§ **DATA TO PROCESS**:
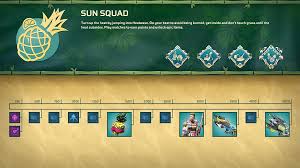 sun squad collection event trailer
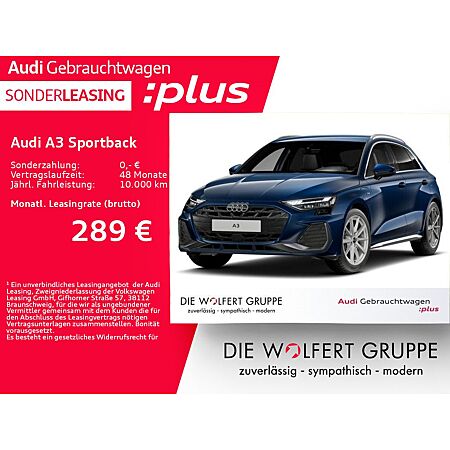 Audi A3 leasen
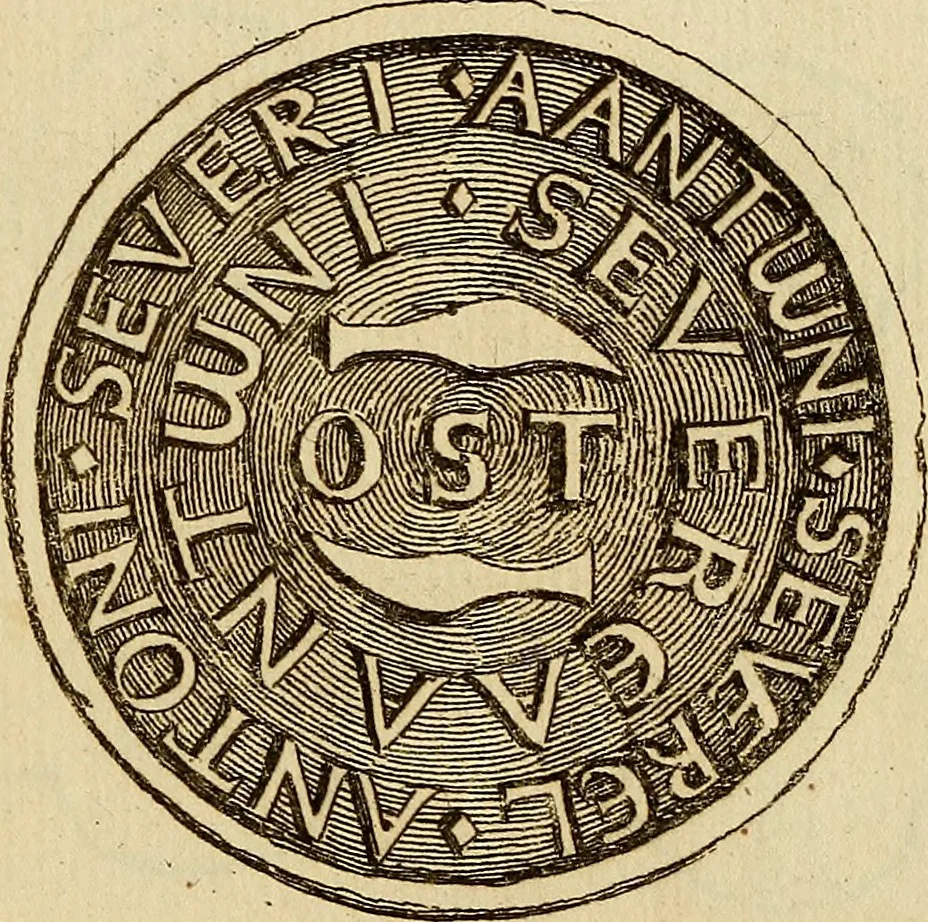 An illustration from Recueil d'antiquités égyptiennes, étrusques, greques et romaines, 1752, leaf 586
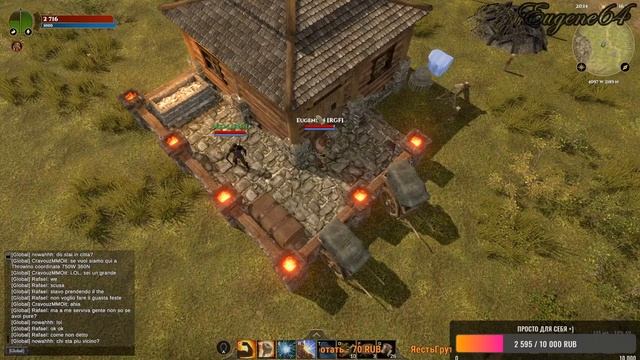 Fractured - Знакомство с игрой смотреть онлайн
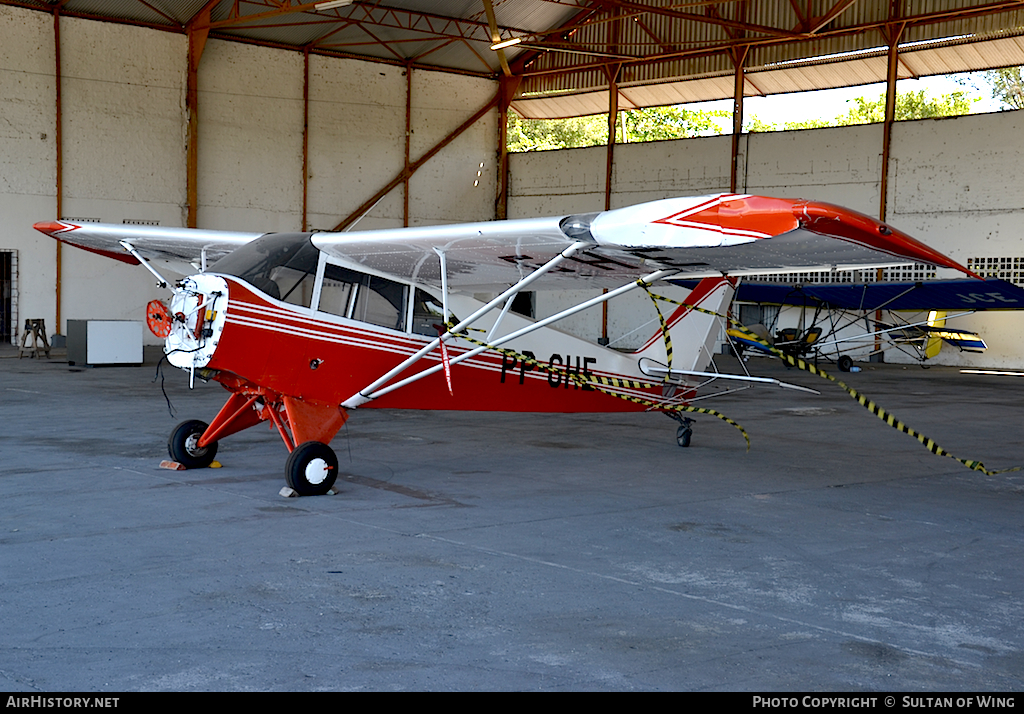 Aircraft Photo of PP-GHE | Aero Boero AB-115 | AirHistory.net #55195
* * *
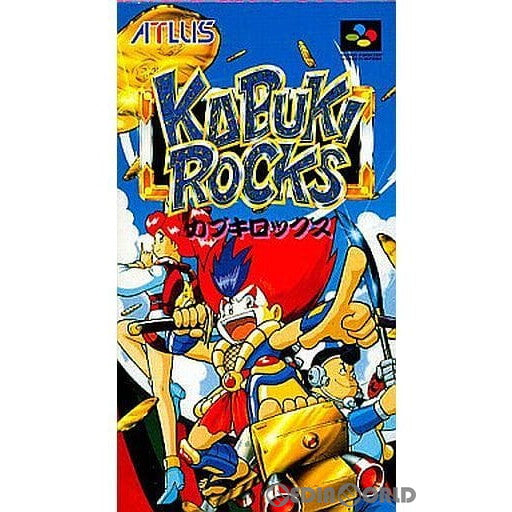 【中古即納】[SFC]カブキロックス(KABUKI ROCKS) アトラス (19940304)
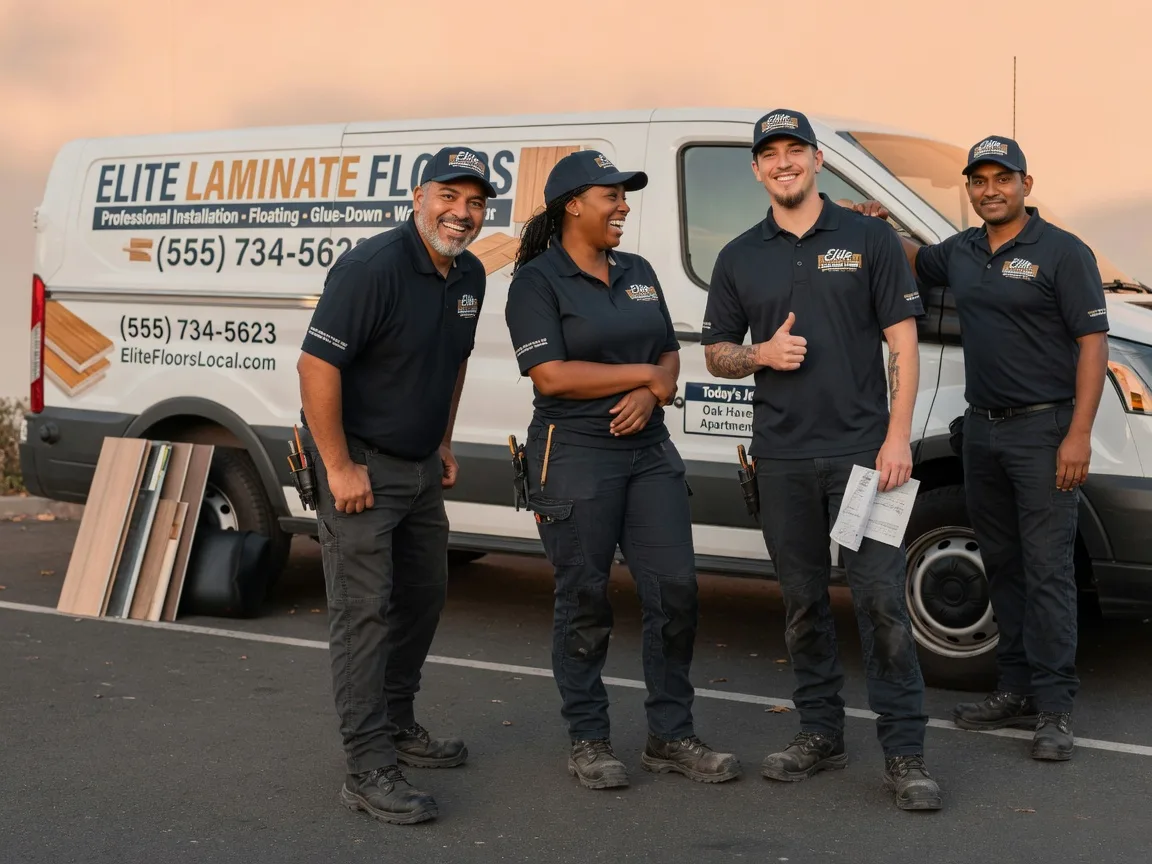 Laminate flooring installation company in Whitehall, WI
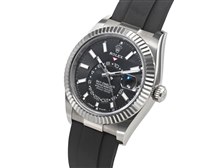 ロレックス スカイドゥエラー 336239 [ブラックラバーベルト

§ **WHAT YOU HAVE TO DO**: Give exactly the lines above that run from the line with "Fractured - Знакомство" to the line with "Aircraft Photo of", both included, leaving every picture out.

§ **EXERCISE OUTPUT**:
 Fractured - Знакомство с игрой смотреть онлайн
 Aircraft Photo of PP-GHE | Aero Boero AB-115 | AirHistory.net #55195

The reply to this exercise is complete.